Deux détours obligés avant de se rendre au Cap, capitale du Cap-Occidental. Tout d’abord, le Waterkloof Estate, à Somerset. Un bijou d’architecture moderne juché sur une colline, offrant une vue imprenable sur la côte de la baie False. On mange fort bien au restaurant du vignoble, tenu par Grégory Czarnecki, un Français qui prend toujours plaisir à faire la causette dans sa langue maternelle. Puis, on s’arrête au Cheetah Outreach, un refuge pour guépards, dont la survie est menacée – ils ont la réputation de décimer le bétail, alors les fermiers les abattent. Avis aux intéressés : on peut flatter (avec précaution !) ces gros matous tachetés en présence d’un gardien qu’on espère vigilant. Je ne me suis pas attardée longtemps…

Stocksy: Holly Clark

Si les guépards nous ont épargné – il paraît qu’ils prennent certaines personnes en grippe –, on s’aligne vers la saisissante route panoramique qui longe la côte de l’Atlantique, la fameuse Chapman’s Peak Drive. Un grand moment du voyage, ça en était presque fatigant pour les yeux. De là, il faut compter 45 minutes avant d’arriver au très cosmopolite Cap, l’endroit le plus visité au pays. C’est néanmoins une ville qui respire, peut-être grâce au « Cape Doctor », ce vent frais qui vient de l’océan. Galeries d’art, musées, jardins, marchés aux fleurs – les touristes ne se tournent pas les pouces ici ! Parmi les attractions les plus populaires : l’ascension de la montagne de la Table, qui s’auréole en fin de journée de nuages blancs ; la visite du port Waterfront, à partir duquel on peut prendre un traversier jusqu’à Robben Island, où Nelson Mandela a croupi en prison pendant 27 ans ; et une balade dans le coloré quartier des Cape Muslims, ces descendants d’esclaves déportés par les Néerlandais au 17e siècle.

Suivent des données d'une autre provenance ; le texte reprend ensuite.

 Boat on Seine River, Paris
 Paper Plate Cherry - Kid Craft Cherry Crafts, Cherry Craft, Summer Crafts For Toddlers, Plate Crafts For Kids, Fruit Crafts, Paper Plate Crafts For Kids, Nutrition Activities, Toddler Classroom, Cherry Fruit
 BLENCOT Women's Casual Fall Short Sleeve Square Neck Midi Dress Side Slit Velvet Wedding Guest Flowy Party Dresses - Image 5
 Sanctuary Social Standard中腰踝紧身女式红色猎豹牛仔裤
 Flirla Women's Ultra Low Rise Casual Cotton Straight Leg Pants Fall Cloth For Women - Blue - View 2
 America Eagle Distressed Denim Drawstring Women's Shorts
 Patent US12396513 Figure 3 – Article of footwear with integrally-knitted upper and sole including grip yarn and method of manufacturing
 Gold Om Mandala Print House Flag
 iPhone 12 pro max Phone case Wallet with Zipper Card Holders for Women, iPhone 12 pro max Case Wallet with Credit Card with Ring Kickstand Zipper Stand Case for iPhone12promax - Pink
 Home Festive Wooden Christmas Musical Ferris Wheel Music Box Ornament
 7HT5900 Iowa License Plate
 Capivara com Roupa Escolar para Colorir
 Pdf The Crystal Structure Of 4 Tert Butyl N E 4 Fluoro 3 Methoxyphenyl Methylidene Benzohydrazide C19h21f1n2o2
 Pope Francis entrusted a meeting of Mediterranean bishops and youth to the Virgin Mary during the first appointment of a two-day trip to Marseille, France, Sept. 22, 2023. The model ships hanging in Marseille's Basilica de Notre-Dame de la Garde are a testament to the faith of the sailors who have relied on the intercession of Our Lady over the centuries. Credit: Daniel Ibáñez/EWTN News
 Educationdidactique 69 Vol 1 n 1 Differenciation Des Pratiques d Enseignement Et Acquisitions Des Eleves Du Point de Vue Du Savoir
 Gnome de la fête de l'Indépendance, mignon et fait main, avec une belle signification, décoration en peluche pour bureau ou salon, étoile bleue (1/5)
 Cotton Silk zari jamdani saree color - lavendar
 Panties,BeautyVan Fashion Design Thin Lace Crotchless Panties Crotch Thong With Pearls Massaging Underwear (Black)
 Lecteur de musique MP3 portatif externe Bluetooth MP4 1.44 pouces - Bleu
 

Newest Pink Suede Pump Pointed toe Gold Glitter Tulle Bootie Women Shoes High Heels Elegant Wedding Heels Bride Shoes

L’Afrique du Sud sans se ruiner

Le Cap et ses environs sont abordables. À l’exception de l’avion, bien sûr – il faut compter au moins 1 300 dollars pour un aller-retour Montréal-Le Cap, avec une escale assez longue à Francfort. Mais une fois sur place, on peut profiter de la vie sans y laisser sa chemise. J’ai souvenir d’une tapenade et de deux verres de Méthode Cap Classique savourés dans un bar de Stellenbosch pour l’équivalent de 10 dollars canadiens (1 dollar vaut 10 rands, la devise du pays). Même les tables réputées d’Afrique du Sud ne sont pas hors de portée. À l’excellent resto Aubergine du Cap, par exemple, il en coûte 130 dollars par personne pour un accord mets-vins cinq services, soit ce qu’on paie parfois dans des restos québécois autrement plus ordinaires.

L’hébergement est aussi raisonnable, en particulier quand on loue chez des particuliers : sur HomeAway, j’ai vu des logements d’apparence fort respectable à 60 $ la nuit. On se sent lousse ? On a l’embarras du choix dans les hôtels et vignobles de la région. Notamment au domaine Spier et à l’époustouflante propriété Delaire Graff. Pour ma part, j’ai séjourné au Oude Werf Hotel, à Stellenbosch, dont les tarifs oscillent entre 200 $ et 300 $ la nuit, selon la saison. Au petit matin, du balcon de ma chambre, j’avais droit à un récital d’oiseaux tout à fait inusité. Il y a plus de 850 espèces d’oiseaux en Afrique du Sud, dont certaines au plumage et au ramage spectaculaires.

* Les vins des vignobles marqués d’un astérisque sont vendus à la SAQ.

Notre journaliste était l’invitée de Wines of South Africa.